Prof. Doutor Jaime C. Branco
A fibromialgia (FM) é uma entidade clínica cuja manifestação principal e mais frequente é a dor musculo-esquelética generalizada. Esta dor, que os doentes fibromiálgicos referem "no corpo todo", não é articular nem óssea mas localiza-se nos tecidos moles do aparelho locomotor (isto é, músculos, tendões, ligamentos, fáscias).
Apesar da dor lhes ser referida, nestes tecidos, nomeadamente nos músculos, não foram, até hoje, identificadas quaisquer alterações, quer morfológicas quer metabólicas, que possam ser responsabilizadas pelas queixas dolorosas.
A origem da dor da FM permanece, ainda hoje, incompletamente esclarecida mas sabemos que para o seu aparecimento e manutenção concorrem mecanismos diversos (por ex. sensibilização/excitabilidade dos receptores dolorosos periféricos, factores genéticos, condição psicológica, eixos neuroendócrinos, modulação/reverberação cerebral) que contribuem, em momentos diferidos e percentagens variáveis, conforme os casos.
Isto quer dizer que: 1) Não tem FM, quem quer mas sim quem tem predisposição prévia e se "cruza" com um ou mais factores desencadeantes capazes de despoletar o processo patogénico (por ex. agressão física – infecção, traumatismo, cirurgia – ou psíquica) e, 2) Existem muitas formas, e não apenas uma, para iniciar e desenvolver FM, mas dos seus mecanismos muito heterogénios resulta sempre um quadro clínico bastante homogéneo.
Doença ataca sobretudo mulheres
A FM atinge sobretudo mulheres (na proporção de nove mulheres para um homem) e, embora possa começar na juventude ou na terceira idade, costuma iniciar-se na terceira ou quarta décadas da vida.
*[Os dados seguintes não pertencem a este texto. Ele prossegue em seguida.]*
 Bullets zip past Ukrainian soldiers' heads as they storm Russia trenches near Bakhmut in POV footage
A prevalência (isto é, a percentagem da população que afecta) está calculada entre os 2% e os 4% para a população adulta.
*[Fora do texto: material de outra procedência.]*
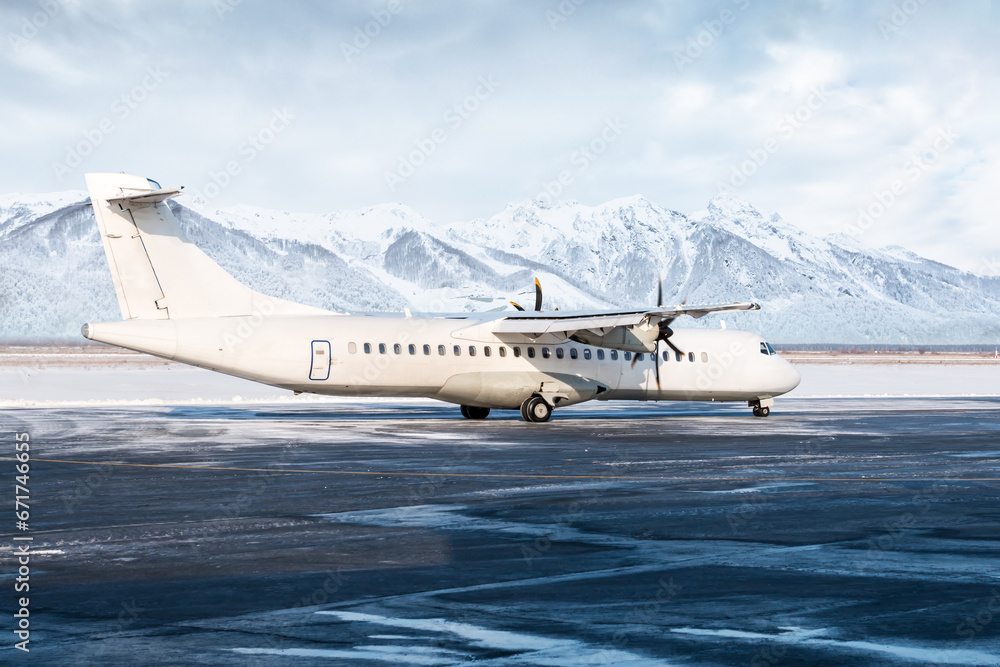 White passenger turboprop airliner on the winter airport apron on the background of high picturesque mountains White passenger turboprop airliner on the winter airport apron on the background of high picturesque mountains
Como os homens são apenas residualmente atingidos, estes valores significam que entre 4% a 8% das mulheres adultas poderá padecer desta situação clínica.
Sintomas da fibromialgia
O quadro clínico da FM, além das dores musculares persistentes, politópicas e com intensidade variável no tempo, inclui ainda outras queixas:
- Fadiga, que pode ser muito intensa (isto é, exaustão) e que chega a ser verdadeiramente incapacitante (ao contrário do cansaço vulgar esta fadiga não melhora com o repouso);
- Perturbações do sono, quer quantitativas (isto é, os doentes dizem que dormem pouco, acordam facilmente, têm insónias, etc.), quer qualitativas o que significa que o sono não é reparador (isto é, os doentes referem que acordam mais fatigados do que se deitaram na noite anterior);
- Alterações emocionais, como depressão e/ou ansiedade que são mais frequentes em doentes com FM do que em doentes com outras doenças reumáticas e são também mais frequentes nos familiares mais próximos daqueles do que destes;
- Deficiências cognitivas, traduzidas sobretudo por dificuldades da concentração, redução da memória e déficite de atenção;
- Dores com outra localização, como cefaleias e dores abdominais;
- Outros sintomas variados que se associam, de forma inconstante, intermitente ou continuadamente como por exemplo, colón irritável, adormecimento e/ou formigueiros dos membros, intolerâncias diversas (por ex. ruído/som, odores, luz).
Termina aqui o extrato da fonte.